Ilość energii elektrycznej, wprowadzonej w 2020 r. do sieci dystrybucyjnej przez mikroinstalacje OZE wzrosła trzykrotnie w porównaniu z rokiem 2019 r. - wynika z raportu Urzędu Regulacji Energetyki.
Jak wyliczył URE, łączna ilość energii elektrycznej, wprowadzonej do sieci elektroenergetycznych przez wytwórców w mikroinstalacjach, wyniosła 1,15 TWh. Dla porównania, roczne zużycie w Polsce jest na poziomie 170 TWh.
Jak podkreśla Urząd, dynamika wzrostu wolumenu energii elektrycznej wytworzonej we wszystkich mikroinstalacjach w okresie 2018/2019 wyniosła około 122 proc., natomiast dla 2019/2020 – tu już blisko 211 proc.
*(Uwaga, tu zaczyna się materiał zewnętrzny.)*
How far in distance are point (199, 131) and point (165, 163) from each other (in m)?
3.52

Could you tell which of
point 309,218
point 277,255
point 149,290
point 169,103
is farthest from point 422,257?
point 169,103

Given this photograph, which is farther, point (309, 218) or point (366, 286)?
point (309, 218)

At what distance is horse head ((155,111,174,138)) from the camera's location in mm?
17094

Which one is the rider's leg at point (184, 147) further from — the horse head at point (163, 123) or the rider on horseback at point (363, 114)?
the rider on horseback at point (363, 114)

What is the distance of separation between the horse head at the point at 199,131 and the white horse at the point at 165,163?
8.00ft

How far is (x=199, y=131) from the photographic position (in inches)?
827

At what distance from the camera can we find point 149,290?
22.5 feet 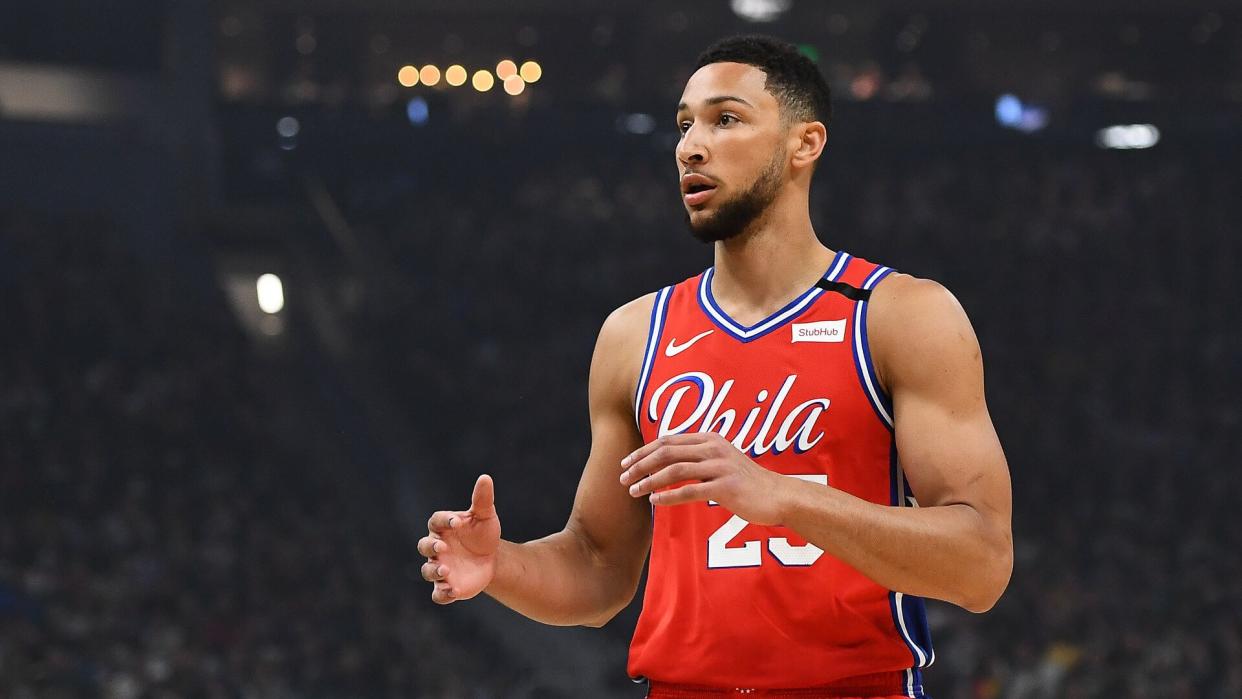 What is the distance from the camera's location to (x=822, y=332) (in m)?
3.72

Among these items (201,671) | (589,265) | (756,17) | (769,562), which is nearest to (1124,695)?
(201,671)

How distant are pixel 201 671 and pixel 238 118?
12.0 m

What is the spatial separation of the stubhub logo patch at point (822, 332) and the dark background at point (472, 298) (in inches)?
483

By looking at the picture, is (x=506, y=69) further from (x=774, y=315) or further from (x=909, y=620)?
(x=909, y=620)

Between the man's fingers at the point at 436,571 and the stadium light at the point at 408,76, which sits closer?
the man's fingers at the point at 436,571

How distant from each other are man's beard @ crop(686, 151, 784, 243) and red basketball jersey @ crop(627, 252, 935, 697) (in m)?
0.24

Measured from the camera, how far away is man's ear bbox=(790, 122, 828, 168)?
3.85 meters

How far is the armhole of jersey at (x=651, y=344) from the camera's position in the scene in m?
3.94

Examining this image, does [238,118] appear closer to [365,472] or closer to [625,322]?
[365,472]

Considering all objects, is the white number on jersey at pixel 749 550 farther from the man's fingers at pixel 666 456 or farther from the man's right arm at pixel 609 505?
the man's fingers at pixel 666 456

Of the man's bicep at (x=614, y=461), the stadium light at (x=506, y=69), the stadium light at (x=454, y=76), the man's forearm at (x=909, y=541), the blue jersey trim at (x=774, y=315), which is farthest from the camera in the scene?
the stadium light at (x=454, y=76)

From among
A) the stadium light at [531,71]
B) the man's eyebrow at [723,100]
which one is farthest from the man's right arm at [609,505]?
the stadium light at [531,71]

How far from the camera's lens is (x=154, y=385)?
20.9m

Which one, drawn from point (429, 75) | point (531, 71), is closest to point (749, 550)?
point (531, 71) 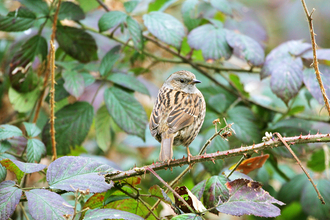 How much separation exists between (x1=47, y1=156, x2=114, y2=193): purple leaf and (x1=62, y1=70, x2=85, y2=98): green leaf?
105 cm

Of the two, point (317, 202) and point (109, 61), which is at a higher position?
point (109, 61)

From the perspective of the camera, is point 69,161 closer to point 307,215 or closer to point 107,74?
point 107,74

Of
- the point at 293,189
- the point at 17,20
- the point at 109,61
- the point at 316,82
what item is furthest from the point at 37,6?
the point at 293,189

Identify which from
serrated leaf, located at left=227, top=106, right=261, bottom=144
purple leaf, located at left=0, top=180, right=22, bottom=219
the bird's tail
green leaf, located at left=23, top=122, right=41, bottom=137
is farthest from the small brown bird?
purple leaf, located at left=0, top=180, right=22, bottom=219

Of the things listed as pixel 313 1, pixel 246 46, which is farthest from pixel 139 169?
pixel 313 1

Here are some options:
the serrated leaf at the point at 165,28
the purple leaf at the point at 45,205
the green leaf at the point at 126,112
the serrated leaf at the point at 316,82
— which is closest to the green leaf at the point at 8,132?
the purple leaf at the point at 45,205

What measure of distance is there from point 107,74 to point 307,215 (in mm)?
2453

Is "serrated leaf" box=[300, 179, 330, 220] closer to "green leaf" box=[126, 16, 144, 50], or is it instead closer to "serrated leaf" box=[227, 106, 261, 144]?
"serrated leaf" box=[227, 106, 261, 144]

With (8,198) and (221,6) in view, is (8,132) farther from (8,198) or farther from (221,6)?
(221,6)

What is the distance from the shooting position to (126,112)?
9.27 feet

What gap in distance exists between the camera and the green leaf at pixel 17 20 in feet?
9.23

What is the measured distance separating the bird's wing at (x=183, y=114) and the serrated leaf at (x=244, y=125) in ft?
1.53

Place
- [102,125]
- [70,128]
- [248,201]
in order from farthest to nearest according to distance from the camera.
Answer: [102,125] → [70,128] → [248,201]

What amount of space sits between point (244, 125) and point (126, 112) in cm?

W zeszłym roku energię produkowało niemal 460 tys. mikroinstalacji, a ich łączna moc zainstalowana wynosiła ponad 3 GW. Prawie 459 tys. były to instalacje fotowoltaiczne, innych typów było zaledwie 493.
452 tys. instalacji eksploatowali prosumenci, wprowadzając do sieci dystrybucyjnych nieco ponad 1,1 TWh energii elektrycznej.
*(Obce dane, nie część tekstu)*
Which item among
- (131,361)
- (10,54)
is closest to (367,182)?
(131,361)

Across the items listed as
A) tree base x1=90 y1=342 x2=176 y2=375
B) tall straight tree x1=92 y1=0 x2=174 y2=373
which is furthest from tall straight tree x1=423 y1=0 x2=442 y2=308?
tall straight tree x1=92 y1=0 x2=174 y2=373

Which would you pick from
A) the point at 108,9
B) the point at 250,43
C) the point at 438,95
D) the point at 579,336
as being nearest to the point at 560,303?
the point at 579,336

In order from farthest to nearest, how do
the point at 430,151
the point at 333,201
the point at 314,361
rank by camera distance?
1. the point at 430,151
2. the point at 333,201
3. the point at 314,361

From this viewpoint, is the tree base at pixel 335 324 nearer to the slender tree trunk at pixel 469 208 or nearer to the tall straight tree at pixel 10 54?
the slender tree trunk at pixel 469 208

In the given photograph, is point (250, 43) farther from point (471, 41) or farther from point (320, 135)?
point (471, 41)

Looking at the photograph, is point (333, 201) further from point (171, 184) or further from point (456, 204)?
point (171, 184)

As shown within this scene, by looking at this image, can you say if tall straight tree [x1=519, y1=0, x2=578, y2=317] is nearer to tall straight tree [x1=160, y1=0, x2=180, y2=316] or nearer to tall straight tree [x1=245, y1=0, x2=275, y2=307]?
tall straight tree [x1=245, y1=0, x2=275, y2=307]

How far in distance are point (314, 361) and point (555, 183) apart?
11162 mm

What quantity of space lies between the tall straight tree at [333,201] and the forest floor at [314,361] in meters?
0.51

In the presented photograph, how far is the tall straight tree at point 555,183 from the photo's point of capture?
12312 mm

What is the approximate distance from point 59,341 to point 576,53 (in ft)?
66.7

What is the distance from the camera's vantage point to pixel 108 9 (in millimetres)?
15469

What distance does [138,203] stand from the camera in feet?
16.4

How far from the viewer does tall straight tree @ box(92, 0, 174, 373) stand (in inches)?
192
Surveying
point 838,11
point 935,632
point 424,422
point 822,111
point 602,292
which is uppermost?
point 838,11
- Dane prezentowane w naszym raporcie jednoznacznie wskazują, że generacja energii w zielonych mikroźródłach przyrasta w ogromnym tempie. Ich moc zainstalowana w przeciągu trzech lat wzrosła blisko dziesięciokrotnie – powiedział prezes URE Rafał Gawin.
Jak dodał, rola tego rodzaju rozproszonych źródeł wytwórczych w naszym kraju może rosnąć, szczególnie w kontekście transformacji energetycznej i budowy nowej architektury rynku energii.
Czytaj także: CBA prześwietli oświadczenia majątkowe Daniela Obajtka
Prawo energetyczne daje mikro i małym instalacjom OZE preferencje przy formalnościach - m.in. łatwiejsze przyłączenie do sieci, brak koncesji; zwolnienie małych instalacji z kosztów bilansowania handlowego.
Dodatkowo wyznaczony na danym terenie sprzedawca – tzw. sprzedawca zobowiązany - obowiązany jest odkupić od takiego wytwórcy energię.
Ponadto prosumenci korzystają z tzw. systemu opustów. Prosument posiadający instalację o mocy do 10 kW, za 1 kWh oddaną do sieci może odebrać za darmo 0,8 kWh.